Desktop amping is really going to depend on your system setup. I would advise a clean DAC with at least 2V output line-out and a sweet-sounding amp. Both my own preferred amps, the Auris HA-2SE tube amp and the Xi Audio Formula S sounded great with the Alara though with slight tonal differences.
The Formula S sounded the punchier of the two with a very natural timbre using an Oppo Sabre Sonica DAC. Of all the desktop amps the Alara top-end sounded just right with the Alara. The Auris HA-2SE was even more liquid and smooth sounding but took a tiny bit of bite away that I preferred from the Formula S.
Portable Amping Synergy
If you still happen to have the Bakoon HPA-01M then its current mode output is more than capable with a decent DAC. Using the line-out of the Hugo 2 we got a fairly linear sound with bags of detail and a clean and nicely control treble. You may miss a bit of low-end warmth with this pairing in current mode. If you need it then voltage mode on the Bakoon will give you a bit more ‘bounce for the ounce’.
Smaller portable amps such as the ALO Audio V5 and the FiiO Q5 have no issues with headroom or current either when paired with the Alara. I did enjoy the sweeter tone of the V5 with the Alara though the Q5 seemed the punchier of the two pairings.

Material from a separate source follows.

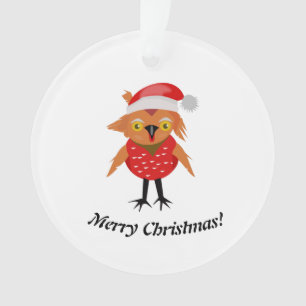 Cute Christmas Owl Ornament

$499 ($349 Special as of Feb 2019)
The Sundara has a more traditional headphone design than the Alara. I do think the Alara is a more robust design and can take a bit more of a beating than the Hifiman.
Both have their quirks with the Alara simply being too long and the Sundara being too stiff with more clamp on the side. Neither headphone is a perfect sit but the Sundara just shades it with the lighter design at 370g compared to 430g.

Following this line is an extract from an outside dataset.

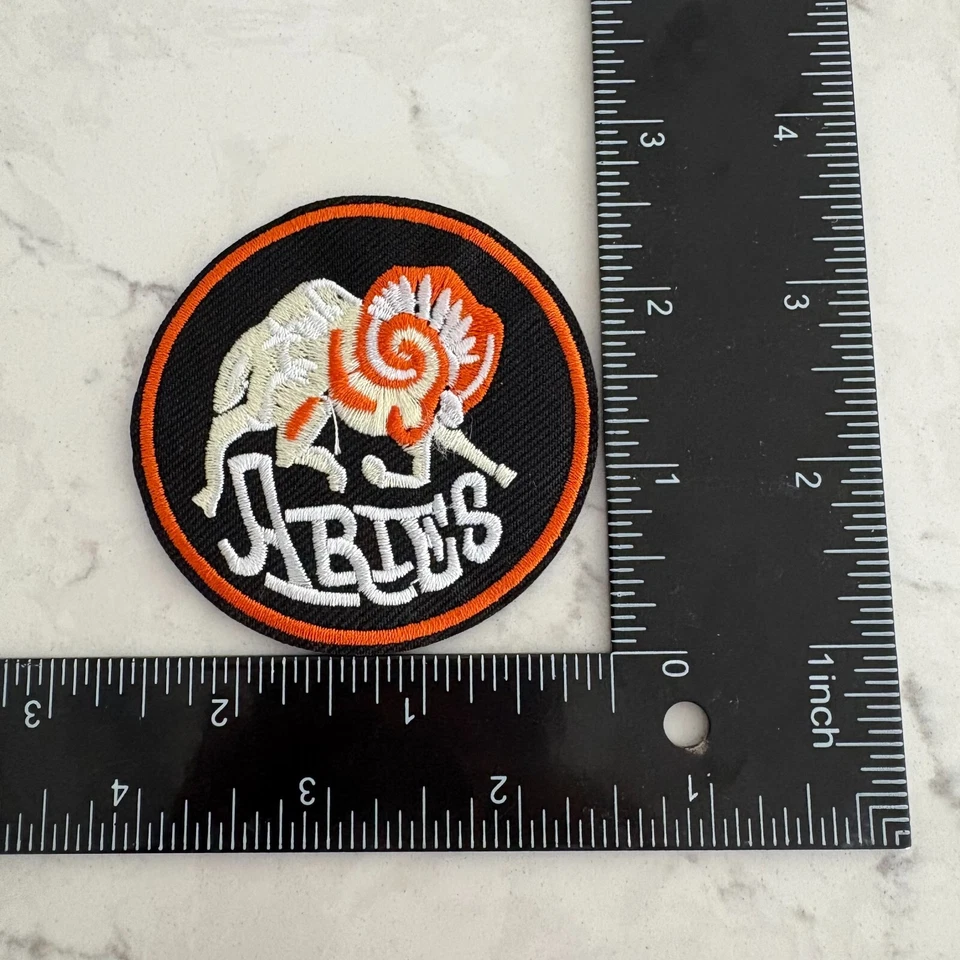 Aries Zodiac Sign Patch Black Orange-Trim Sewing & Craft Embroidered Sew-On - Image 3 of 3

The Sundara is rated at 37Ω and 94db sensitivity compared to the Alara at 20Ω and also 94dB. In truth, the Sundara is a good bit harder to drive and those specs are slightly misleading. I was using maybe a 2530% differential on volume via FooBar out to an Oppo DAC/HA-2SE set up to get a volume match.
The Sundara is a good deal more neutral in its tuning with a more linear and flatter low-end. It is also more open sounding with a fairly spacious soundstage that is quite a contrast from the more intimate but lively Alara (and the darker Verum 1 described below).

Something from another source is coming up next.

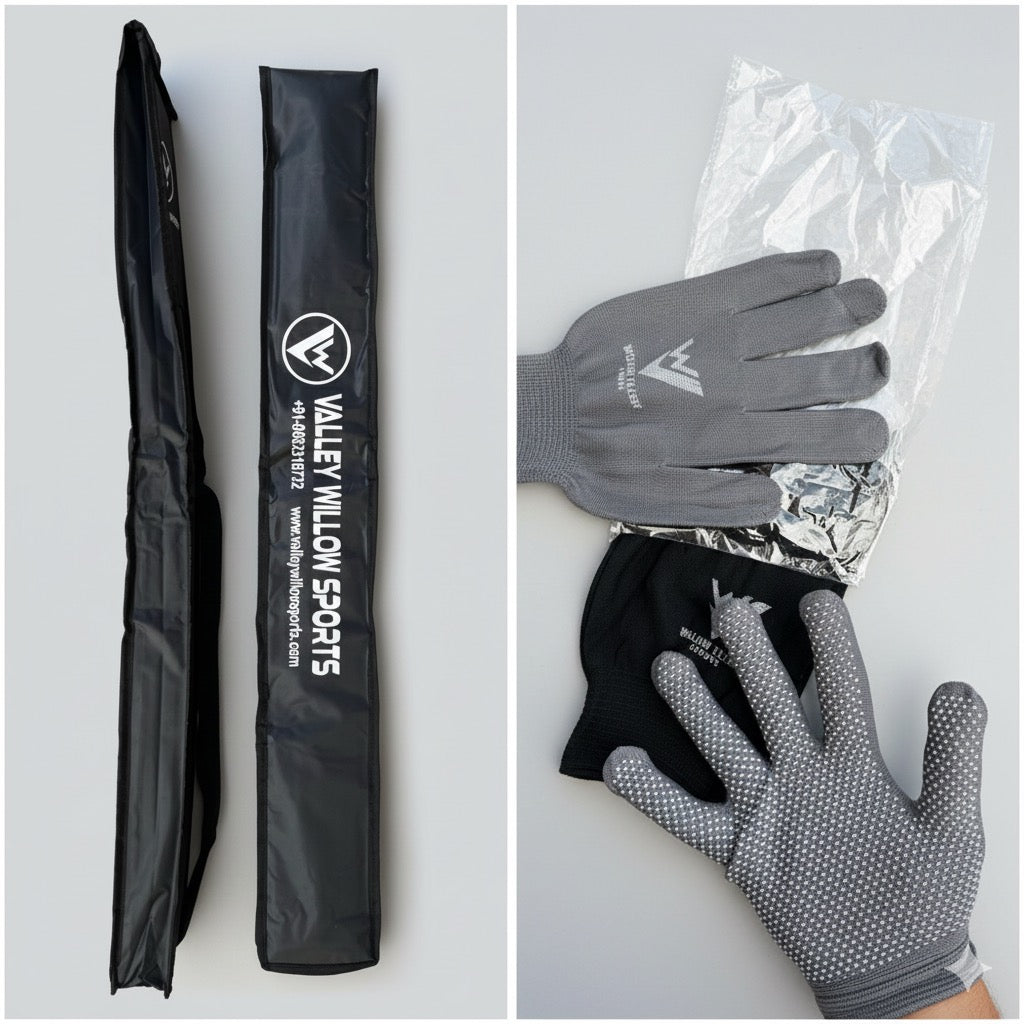 Cricket Bat Cover & Grip Gloves Combo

Sub-bass has a touch more presence than the Alara but it has less mid-bass elevation and warmth creating that more neutral sounding instrumental timbre and general tone. If anything, the bass to mids transition is a little smoother on the Sundara than the Alara but on the flipside, the Alara is punchier and more musical sounding with that elevated mid-bass tuning.
Mids on the Sundara benefit from that more open soundstage with better left/right separation and a more out of your head experience. The Alara is more upfront with a more forward female vocal positioning and a little more warmth to its instrumental timbre. Male or lower-pitched vocals seem just a touch behind on the Alara and whilst they sound a little warmer they do not quite have the same level of space afforded to them compared to the Sundara.
Upper mids and lower-treble sound a bit more forward with more body on the Alara but it does not extend as far as the Sundara nor does it sound as airy. Both have that slight steeliness to their percussion timbre in the lower treble but the dB lift in the Sundara is not quite as high from 4-7k so it tends to sit back a little more than the more aggressive Alara.
Verum Audio Verum 1
The Verum 1 is 100% boutique and is the polar opposite in look and feel with a very Eastern European lavish gold and brown veneer design. The Alara is much more subdued with some industrial black chick. I do think the Alara is a better build overall and should stand the test of time. It is too early for the Verum 1 to know but it is holding well almost one year on.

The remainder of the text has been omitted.